Ongoing Research Projects
Conversation Group Treatment Study
This research uses a hypothesis-driven approach to test the efficacy of conversation treatment and develop and refine a mechanistic pathway of how conversation treatment leads to behavioral changes in communication ability. We will systematically test the efficacy of group conversation treatment for people with aphasia and explore whether the effects of treatment differ as a result of the group size (large group or small group), group composition and overall severity of aphasia.
Treatment sessions will occur in groups of 6-8 people with aphasia or with 2 people with aphasia. During treatment sessions, discourse will be facilitated on a focused set of every day topics, such as current events or travel. Linguistic and multi-modal cueing hierarchies will be tailored to individual client goals and used to maximize communication success.
The prediction is that conversation treatment is an effective method for improving communication in people with aphasia, but that specific benefits may differ based on variables such as group size, group composition, and aphasia severity. The results will help inform best practices for aphasia treatment and refine a hypothesized model about the mechanisms underlying conversation treatment.
If you are interested in learning more about this study, please contact the aphasia center (617-353-0197) for more information.
Aphasia Bank
The Aphasia Resource Center has joined other universities and aphasia centers across the country in a study funded by the National Institutes of Health (NIH). Its purpose is to create an Internet database for the study of language and communication in people with aphasia.
Aphasic symptoms vary greatly from person to person. Specific treatments are likely to be more effective for some people and less effective for others. By collecting a large number of measures from a large population of patients in multiple aphasia centers, we can determine the effects of various treatments. If you are an individual with aphasia who is interested in participating in this study, please contact Elizabeth Hoover (617-353-8967) for more information.
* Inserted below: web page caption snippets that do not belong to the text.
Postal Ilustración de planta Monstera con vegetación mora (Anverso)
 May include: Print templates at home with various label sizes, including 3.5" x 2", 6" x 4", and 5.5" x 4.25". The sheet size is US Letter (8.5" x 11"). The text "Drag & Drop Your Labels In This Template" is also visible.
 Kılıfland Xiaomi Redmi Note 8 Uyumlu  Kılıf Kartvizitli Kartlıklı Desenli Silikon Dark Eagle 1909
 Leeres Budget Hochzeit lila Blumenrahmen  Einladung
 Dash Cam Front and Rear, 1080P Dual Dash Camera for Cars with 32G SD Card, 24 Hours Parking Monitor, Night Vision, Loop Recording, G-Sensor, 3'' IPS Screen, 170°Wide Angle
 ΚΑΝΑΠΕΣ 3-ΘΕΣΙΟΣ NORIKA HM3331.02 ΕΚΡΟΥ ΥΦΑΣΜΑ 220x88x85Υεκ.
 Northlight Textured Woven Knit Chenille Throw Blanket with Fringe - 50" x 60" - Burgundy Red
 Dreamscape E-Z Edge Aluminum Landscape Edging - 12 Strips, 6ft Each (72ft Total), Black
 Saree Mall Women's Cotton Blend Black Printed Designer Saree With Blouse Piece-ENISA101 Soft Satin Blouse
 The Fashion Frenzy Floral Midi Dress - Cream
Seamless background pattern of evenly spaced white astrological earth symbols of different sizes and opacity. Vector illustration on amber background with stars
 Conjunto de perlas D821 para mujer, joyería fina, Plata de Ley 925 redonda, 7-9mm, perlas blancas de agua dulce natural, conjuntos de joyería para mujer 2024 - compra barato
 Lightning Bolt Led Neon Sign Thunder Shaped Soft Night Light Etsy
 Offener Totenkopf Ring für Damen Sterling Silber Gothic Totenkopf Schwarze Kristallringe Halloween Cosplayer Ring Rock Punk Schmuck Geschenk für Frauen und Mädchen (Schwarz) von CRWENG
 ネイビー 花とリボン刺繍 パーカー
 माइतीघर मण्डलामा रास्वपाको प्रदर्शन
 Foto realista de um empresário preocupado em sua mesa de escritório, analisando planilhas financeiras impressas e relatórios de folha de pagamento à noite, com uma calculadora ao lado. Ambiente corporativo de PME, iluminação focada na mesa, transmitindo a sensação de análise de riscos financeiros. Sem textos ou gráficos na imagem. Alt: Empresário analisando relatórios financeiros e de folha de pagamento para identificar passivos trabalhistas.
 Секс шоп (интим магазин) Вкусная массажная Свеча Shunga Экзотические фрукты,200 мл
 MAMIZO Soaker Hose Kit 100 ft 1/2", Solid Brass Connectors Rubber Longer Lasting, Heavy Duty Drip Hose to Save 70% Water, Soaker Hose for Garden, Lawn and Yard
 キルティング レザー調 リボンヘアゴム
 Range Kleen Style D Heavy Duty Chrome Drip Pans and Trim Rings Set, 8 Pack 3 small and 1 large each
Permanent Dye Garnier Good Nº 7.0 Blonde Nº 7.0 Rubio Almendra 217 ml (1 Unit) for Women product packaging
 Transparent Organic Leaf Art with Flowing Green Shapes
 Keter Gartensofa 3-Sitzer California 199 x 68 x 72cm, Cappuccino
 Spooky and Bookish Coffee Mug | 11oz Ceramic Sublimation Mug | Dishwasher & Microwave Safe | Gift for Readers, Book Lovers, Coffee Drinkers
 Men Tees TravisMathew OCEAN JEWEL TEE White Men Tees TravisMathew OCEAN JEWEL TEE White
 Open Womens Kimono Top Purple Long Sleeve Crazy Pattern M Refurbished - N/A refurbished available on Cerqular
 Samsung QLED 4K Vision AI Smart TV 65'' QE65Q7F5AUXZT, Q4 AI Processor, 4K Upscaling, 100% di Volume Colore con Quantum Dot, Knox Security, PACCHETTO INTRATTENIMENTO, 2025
Neural correlates of treatment for naming deficits
Naming deficits are the most persistent and pervasive language deficits observed in patients with aphasia. In this project, we’ll examine the neural correlates of language recovery by studying changes over time during a theoretically based, semantic naming treatment. While most clinicians proceed from simple to complex items in rehabilitation of naming deficits, our proposed treatment is a novel, counter-intuitive alternative. Specifically, training the atypical examples in the category results in generalization to the untrained, typical examples, whereas training typical examples does not result in generalization to untrained, atypical examples. (Kiran, 2007, 2008; Kiran & Johnson, 2008; Kiran & Thompson, 2003).
In our proposed experimental paradigm, we will also compare treated and untreated patients with normal controls to help determine whether the individual differences in brain activation patterns are beneficial, epiphenomenal or even deleterious to actual recovery. By analyzing the effectiveness of our treatment program, we can make recommendations about best practices for language therapy in aphasia, an important issue in the current healthcare climate.
Rehabilitation of naming deficits in bilingual aphasia
In this project, we’ll examine the effects of a semantic, feature-based treatment for improving naming abilities in eight bilingual patients with aphasia (French-English and Spanish-English). This work builds upon a recently completed pilot study with two French-English and two Spanish-English patients (Kiran & Roberts, 2009). Guided by theoretical models that suggest the weaker language has a greater effect on the stronger language than vice-versa, the purpose of the study is to examine the extent of cross-language generalization when the weaker language is trained in bilingual patients with naming deficits.
The proposed study will use a single-subject experimental design with all participants receiving treatment in their less proficient language prior to the stroke (i.e., weaker language Lw). The results of this experiment will facilitate our understanding of naming deficits in bilingual aphasia regardless of language combinations (e.g., French-English and Spanish-English). Further, our results will have far-reaching implications for remediating bilingual naming deficits. From a clinical perspective, we expect the study to help determine best practices for treatment in bilingual aphasia.